IYA2009 Updates

IYA2009 breaks another record

11 August 2009

IYA2009 breaks another record

Longest canvas in the world painted at the Oceans festival in Lisbon, under the theme Oceans and Astronomy. In this creative event that was open to families, a 4.8 km long canvas was painted with the help of many enthusiastic volunteers.

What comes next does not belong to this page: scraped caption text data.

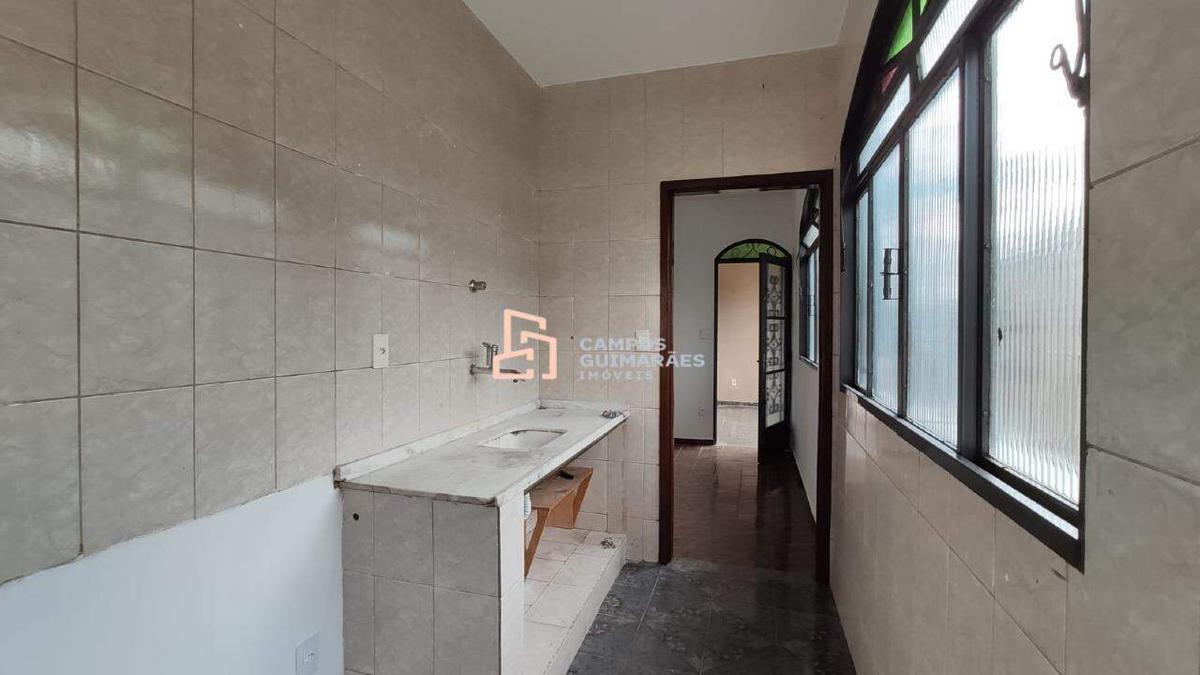 Casa, Parque Recreio, 3 Quartos, 1 Vaga, 1 Suíte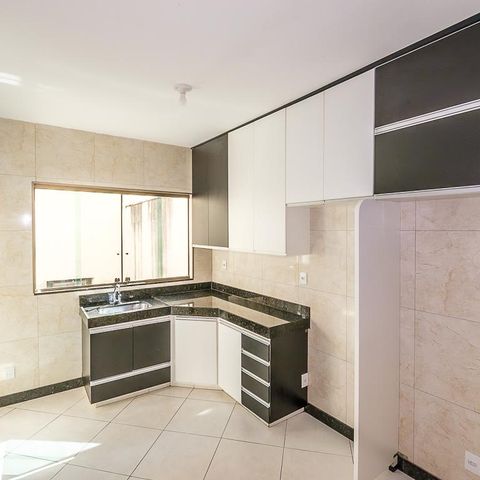 Casa à venda com 112m², 3 quartos e 1 vaga Casa à venda com 112m², 3 quartos e 1 vagaCozinha
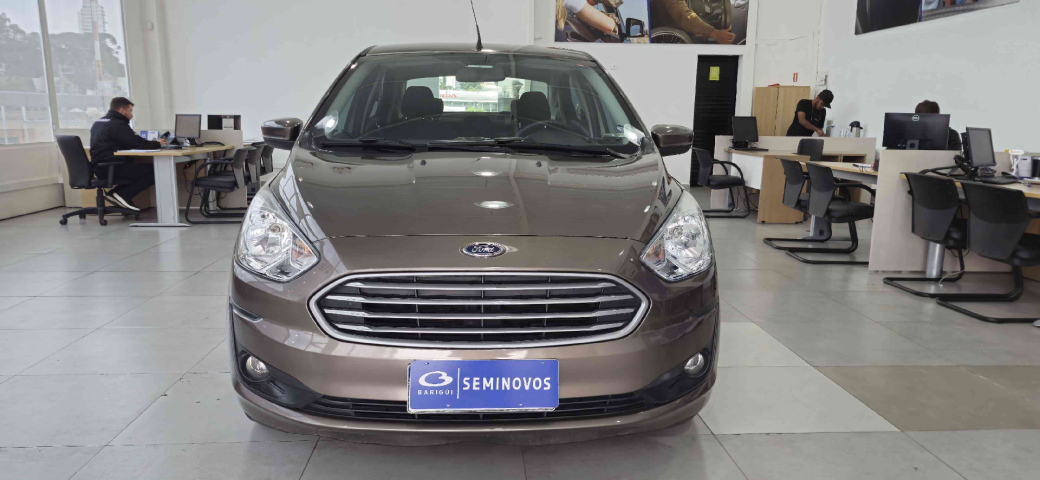 ford ka 1.5 ti-vct flex se sedan automatico 4p 20192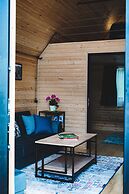 Traveler's Cottage in Kazbegi
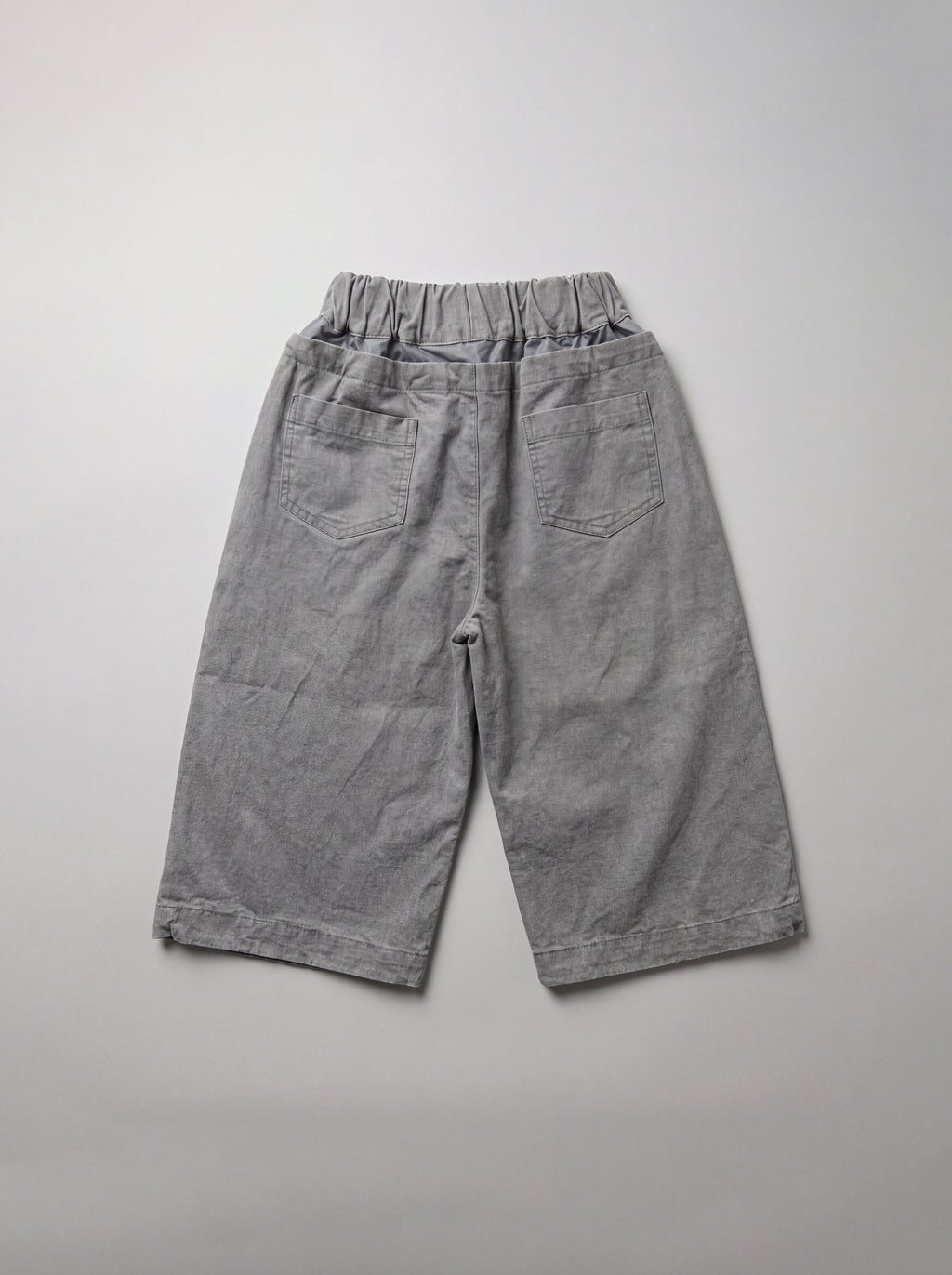 26SS0TY32S0525 Gray Pant BOY grey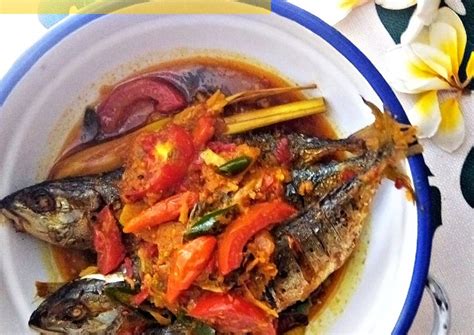 Resep Ikan Kembung Kuah Kuning Oleh Widiyani Indrianingrum Cookpad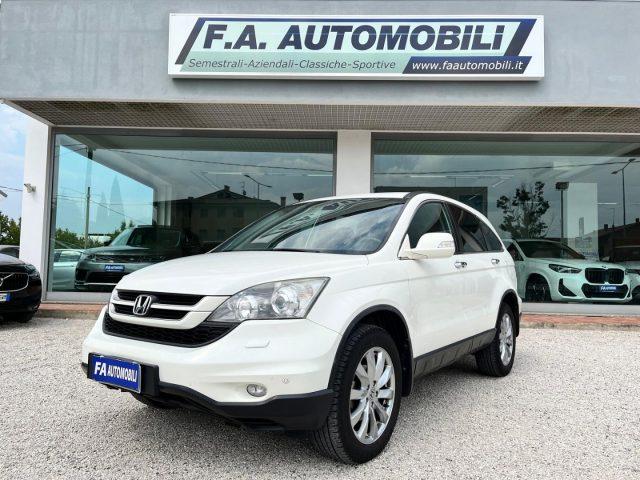 HONDA CR-V Diesel 2011 usata, Padova foto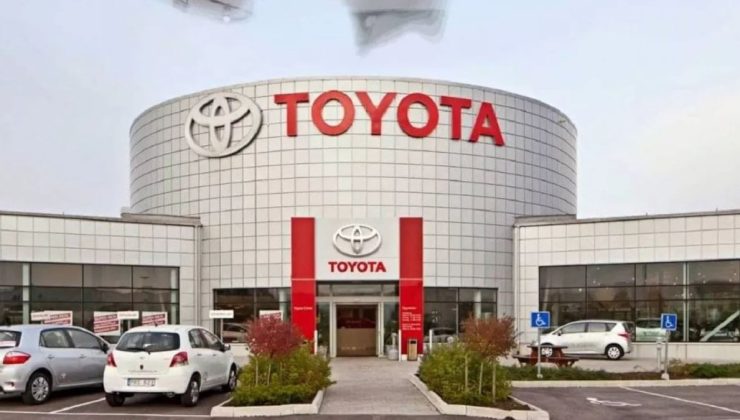 Toyota Avrupa’da Elektrikli Çağa Giriyor, Çekya Fabrikasına 680 Milyon Euro’luk Dev Yatırım!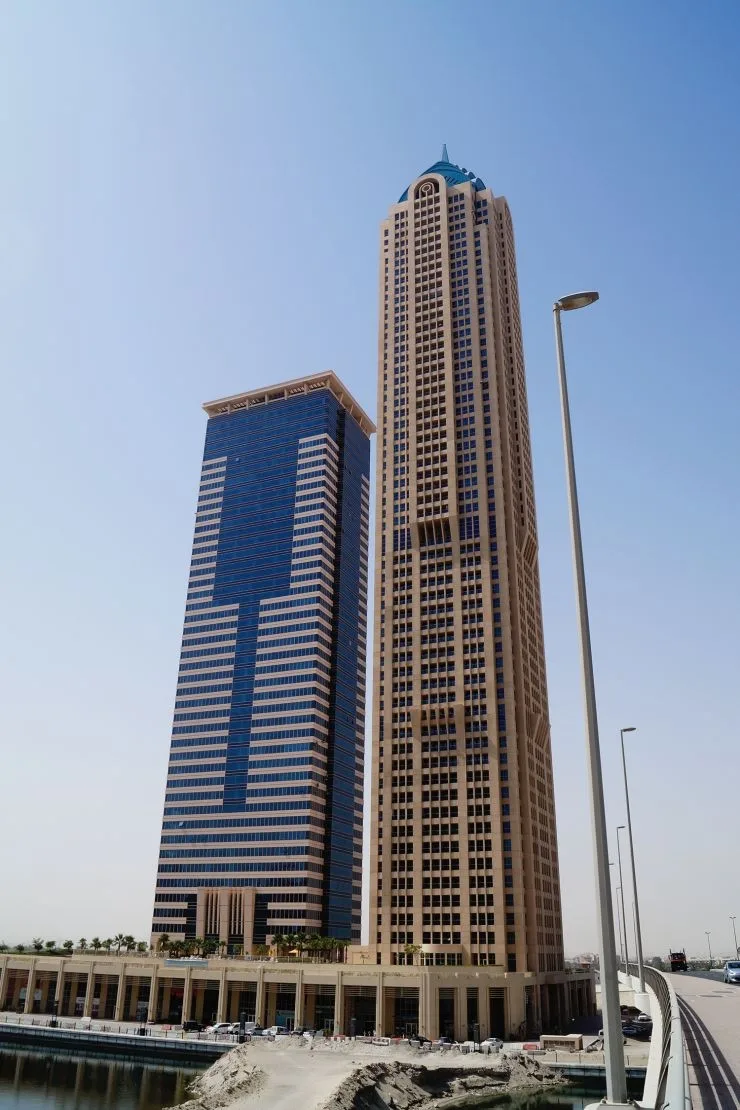 Churchill Tower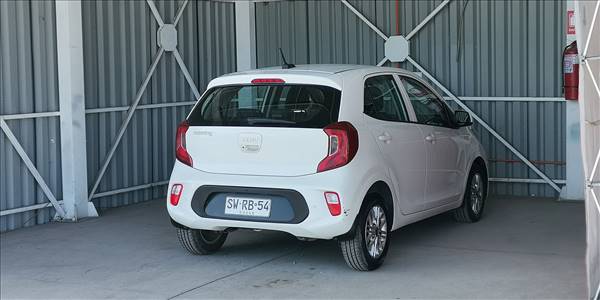 KIA MORNING MPI 1.2 AUT - Imagen 4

More information: http://www.festivaldosoceanos.com/home_en.html


NASA Celebrates IYA2009

10 August 2009

The National Aeronautics and Space Administration (NASA), in partnership with the U.S. national node and the IAU/UNESCO, of which it is an Organizational Associate, has developed a rich and vibrant program for the International Year of Astronomy 2009.  We kicked off the event at the American Astronomical Society meeting in January 2009, with a sneak preview of the multiwavelength image of M101, taken by the three NASA Great Observatories, Hubble Space Telescope, Chandra X-Ray Observatory, and Spitzer Space Telescope.  There was a steady stream of visitors at the NASA booth at the Opening Ceremony in Paris.  Since then NASA programs have touched the hearts and souls of the young and old both in the U.S. and internationally.  All NASA programs can be accessed via the website http://astronomy2009.nasa.gov/.  Below is an update on some of the NASA programs - there are many more!

-Great Observatories Image Unveiling (HST-Spitzer-Chandra views of  M101) - travelling exhibit at 116 science centers, museums, planetariums, and schools around USA.

-Visions of the Universe: Four Centuries of Discovery traveling exhibit for public libraries

-From Earth to the Universe image exhibition has been displayed in non-traditional venues in USA and around the world.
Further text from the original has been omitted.